At a high level, the computer (1002) is an electronic computing device operable to receive, transmit, process, store, or manage data and information associated with the described subject matter. According to some implementations, the computer (1002) may also include or be communicably coupled with an application server, e-mail server, web server, caching server, streaming data server, business intelligence (BI) server, or other server (or a combination of servers).
The computer (1002) can receive requests over network (1030) from a client application (for example, executing on another computer (1002)) and responding to the received requests by processing the said requests in an appropriate software application. In addition, requests may also be sent to the computer (1002) from internal users (for example, from a command console or by other appropriate access method), external or third-parties, other automated applications, as well as any other appropriate entities, individuals, systems, or computers.
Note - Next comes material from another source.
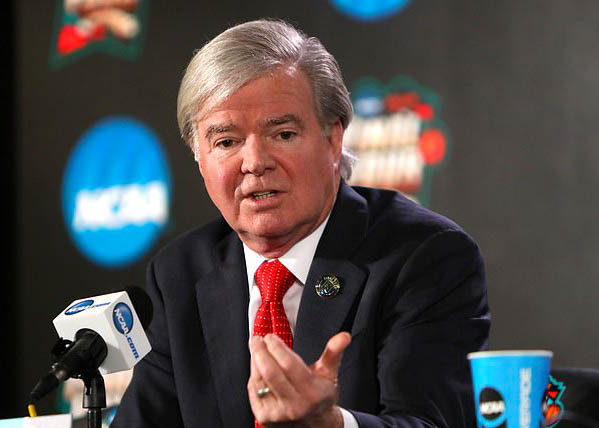 NCAA President Mark Emmert defends underpaying NCAA athletes. (Source: Getty Images)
Each of the components of the computer (1002) can communicate using a system bus (1003). In some implementations, any or all of the components of the computer (1002), both hardware or software (or a combination of hardware and software), may interface with each other or the interface (1004) (or a combination of both) over the system bus (1003) using an application programming interface (API) (1012) or a service layer (1013) (or a combination of the API (1012) and service layer (1013). The API (1012) may include specifications for routines, data structures, and object classes. The API (1012) may be either computer-language independent or dependent and refer to a complete interface, a single function, or even a set of APIs. The service layer (1013) provides software services to the computer (1002) or other components (whether or not illustrated) that are communicably coupled to the computer (1002). The functionality of the computer (1002) may be accessible for all service consumers using this service layer. Software services, such as those provided by the service layer (1013), provide reusable, defined business functionalities through a defined interface. For example, the interface may be software written in JAVA, C++, or other suitable language providing data in extensible markup language (XML) format or other suitable format. While illustrated as an integrated component of the computer (1002), alternative implementations may illustrate the API (1012) or the service layer (1013) as stand-alone components in relation to other components of the computer (1002) or other components (whether or not illustrated) that are communicably coupled to the computer (1002). Moreover, any or all parts of the API (1012) or the service layer (1013) may be implemented as child or sub-modules of another software module, enterprise application, or hardware module without departing from the scope of this disclosure.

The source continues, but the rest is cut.